Try it: A faithful copy is needed of the lines below from the one with "German Soldiers inspecting" up to and including the one with "PEUGEOT-2008-2015"; set it down with no pictures and no other lines.

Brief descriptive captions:
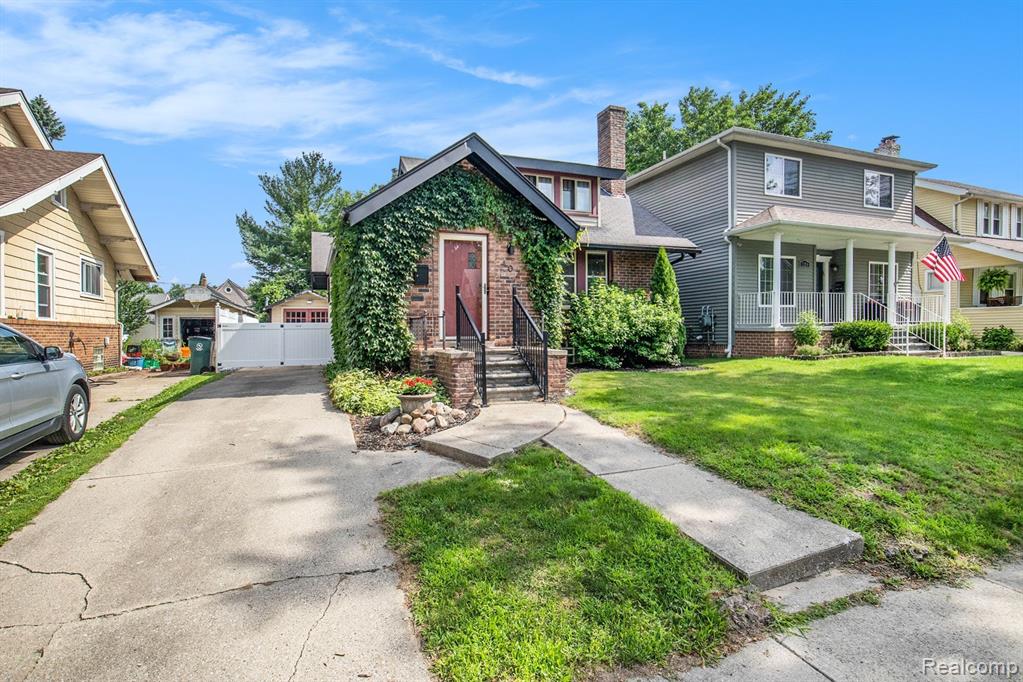 402 WAVERLEY Avenue, Royal Oak, MI 48067 — Photo 2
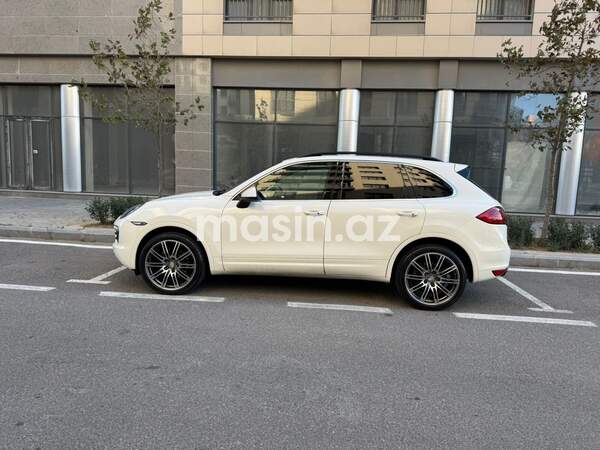 Porsche Cayenne - Image 3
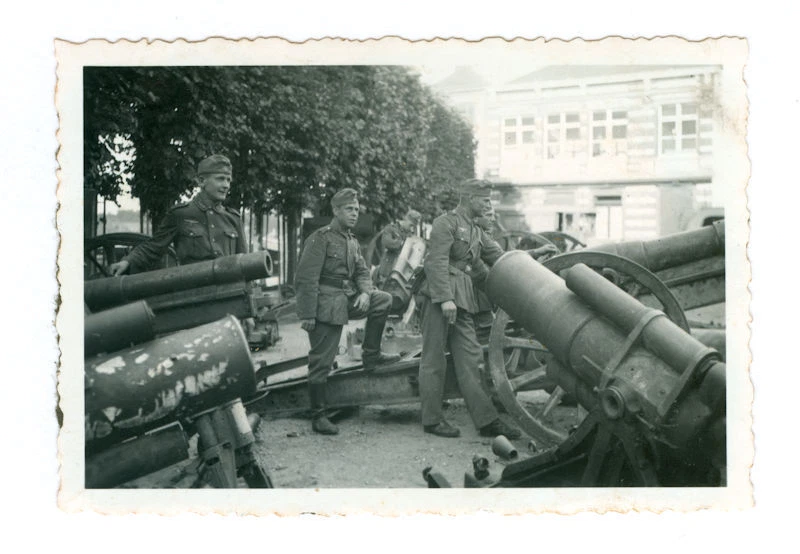 German Soldiers inspecting captured French artillery, 1940. WW2, Original  Photo | eBay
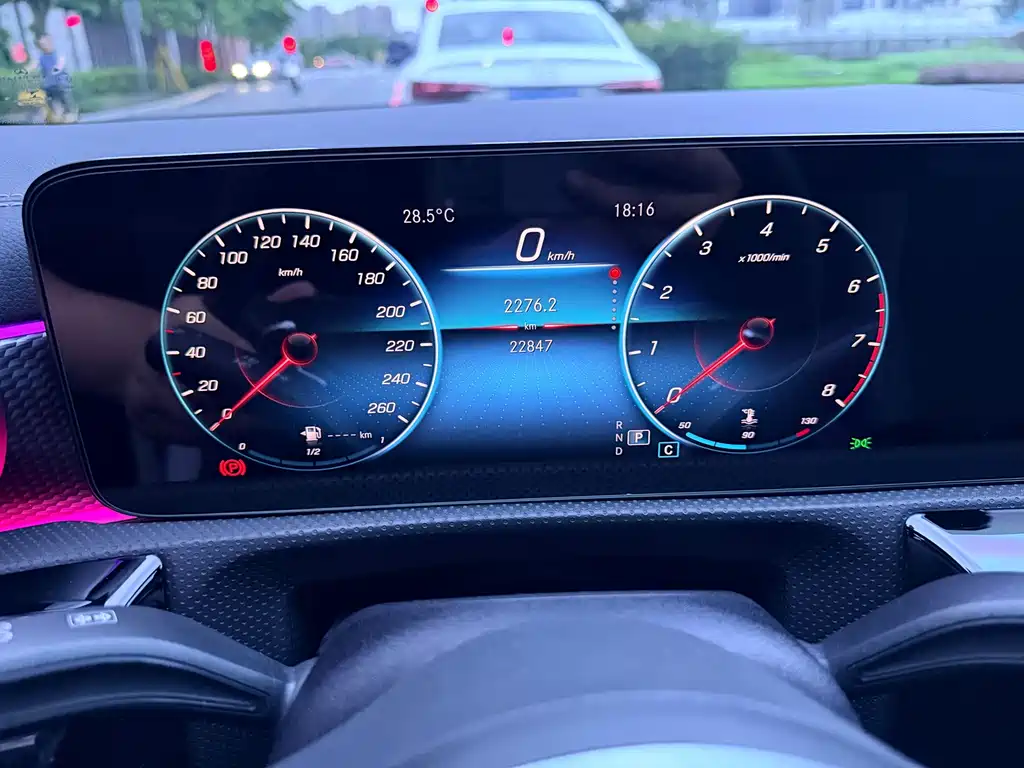 Mercedes-Benz A-Class — миниатюра 8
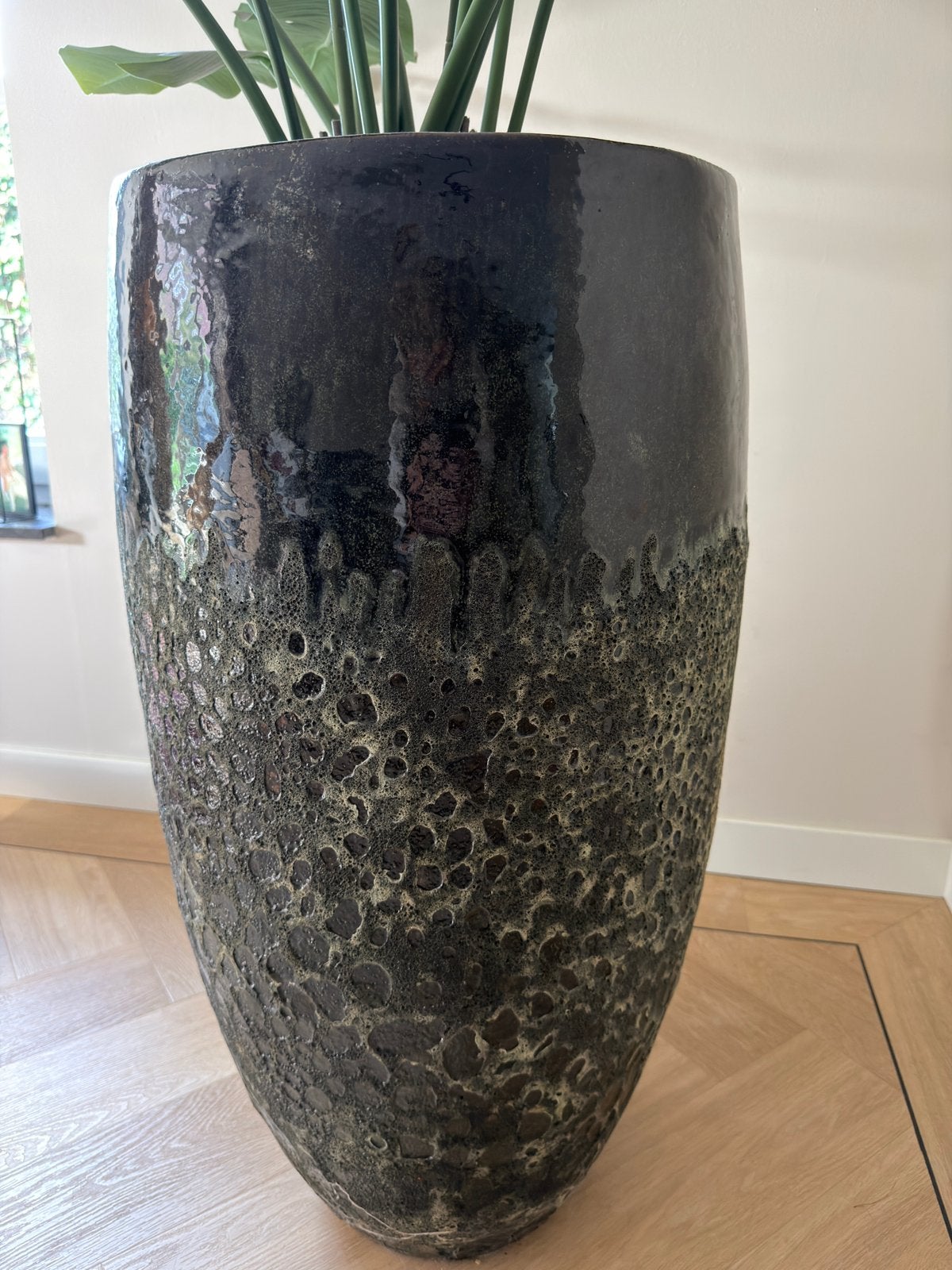Bloempot met grote neppland, Ophalen, Steen, 40 cm of meer, Rond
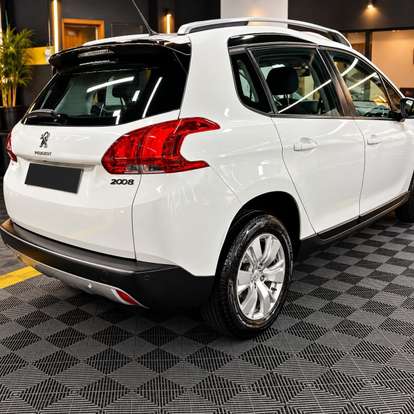 PEUGEOT-2008-2015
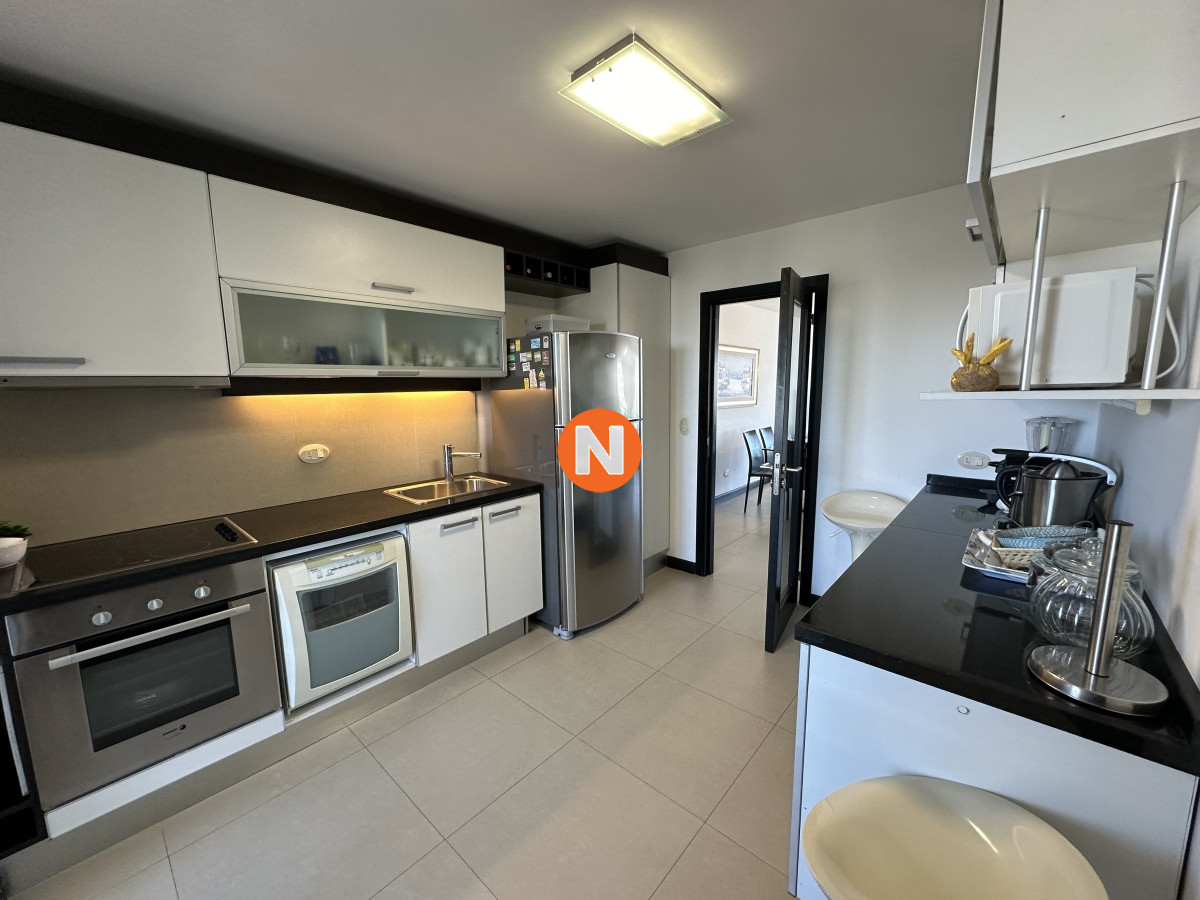 Apartamento Ref.222937 - ESPECTACULAR APARTAMENTO PLAYA MANSA, 3 DORMITORIOS EN SUITE, TODOS LOS SERVICIOS
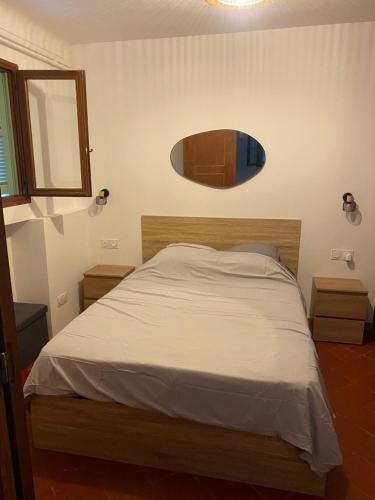 une chambre avec un lit avec une tête de lit en bois dans l'établissement L'Oustalet, à Nice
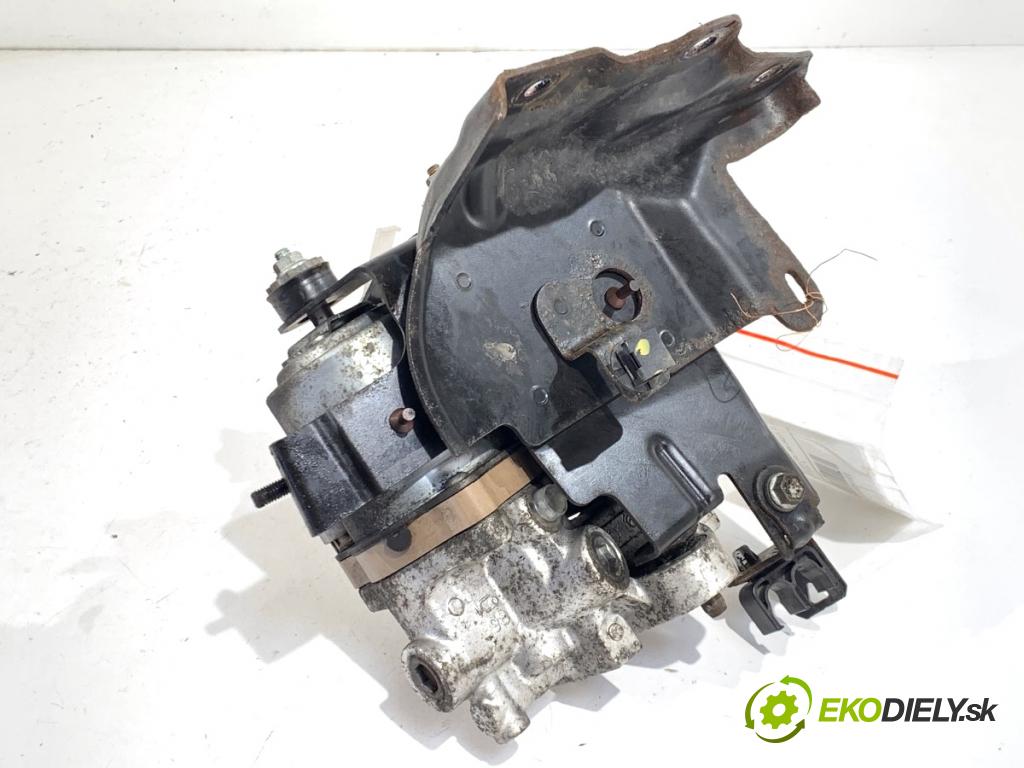 TOYOTA AURIS II liftback 2017 73 kW 1.8 Hybrid (ZWE186_) 1798 Posilovač bŕzd 47070-12010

Output of the exercise:
 German Soldiers inspecting captured French artillery, 1940. WW2, Original  Photo | eBay
 Mercedes-Benz A-Class — миниатюра 8
Bloempot met grote neppland, Ophalen, Steen, 40 cm of meer, Rond
 PEUGEOT-2008-2015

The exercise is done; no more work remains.